*** Block opens ***
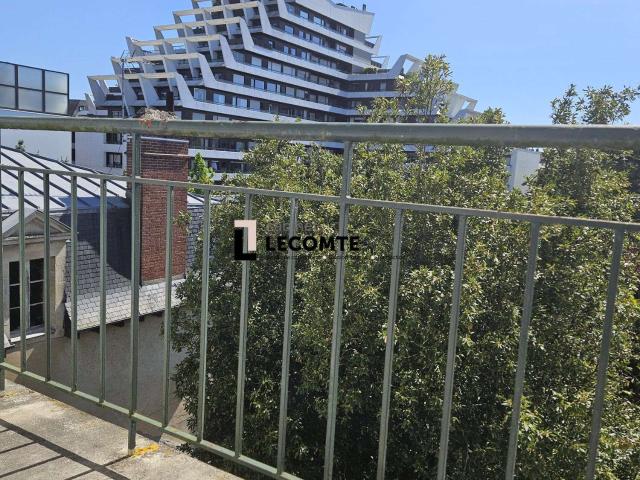 Vente appartement 3 pièces Rennes Fougères 35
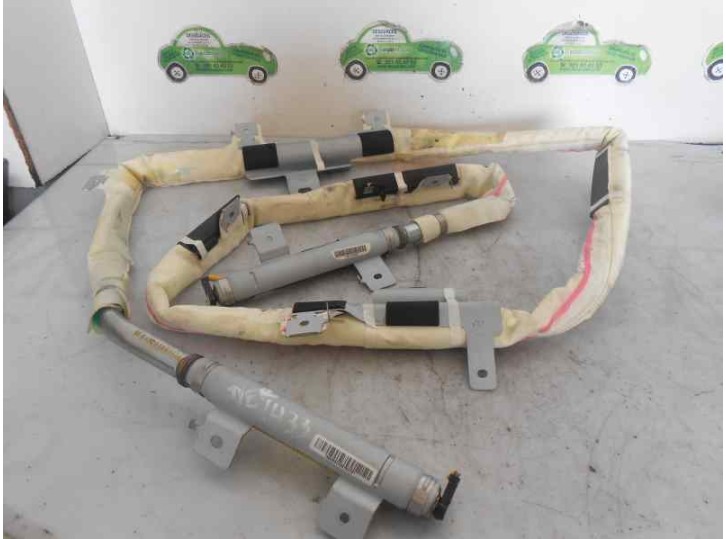 Recambio de airbag cortina delantero derecho para kia carnival 2.9 crdi cat referencia OEM IAM 850204D500 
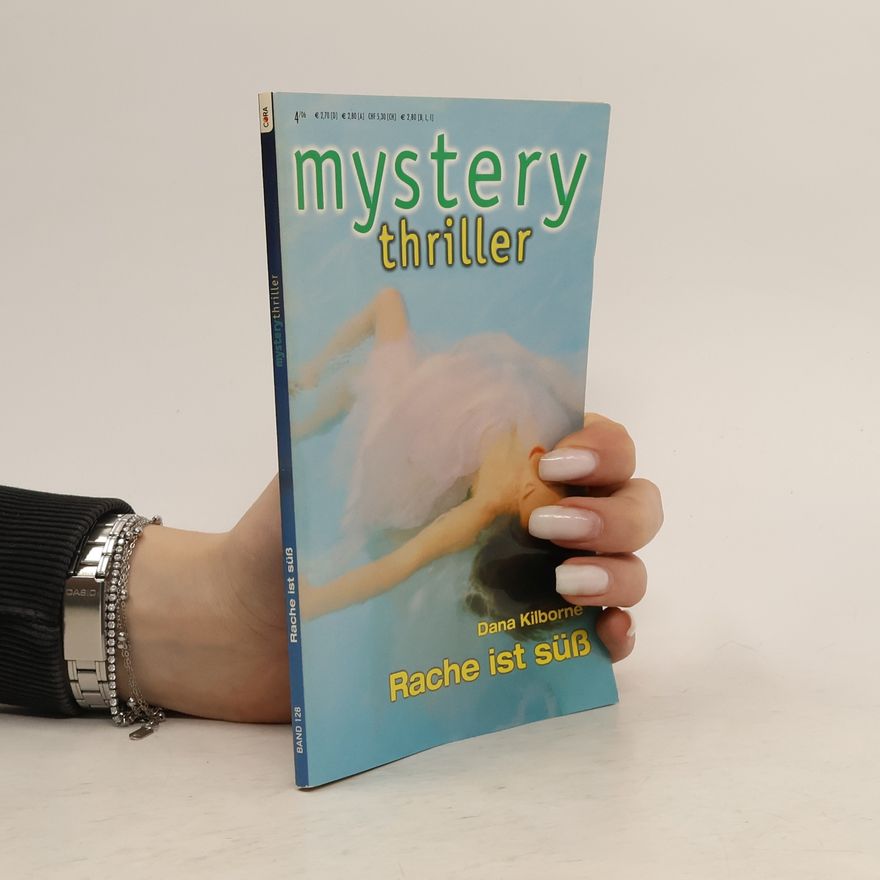Dana Kilborne Mystery Thriller 4/06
*** Block closes ***
■ **TASK REQUIREMENTS**
Repeat the listing word for word, but without its pictures.

■ **RESPONSE TO THE TASK**
 Vente appartement 3 pièces Rennes Fougères 35
 Recambio de airbag cortina delantero derecho para kia carnival 2.9 crdi cat referencia OEM IAM 850204D500 
Dana Kilborne Mystery Thriller 4/06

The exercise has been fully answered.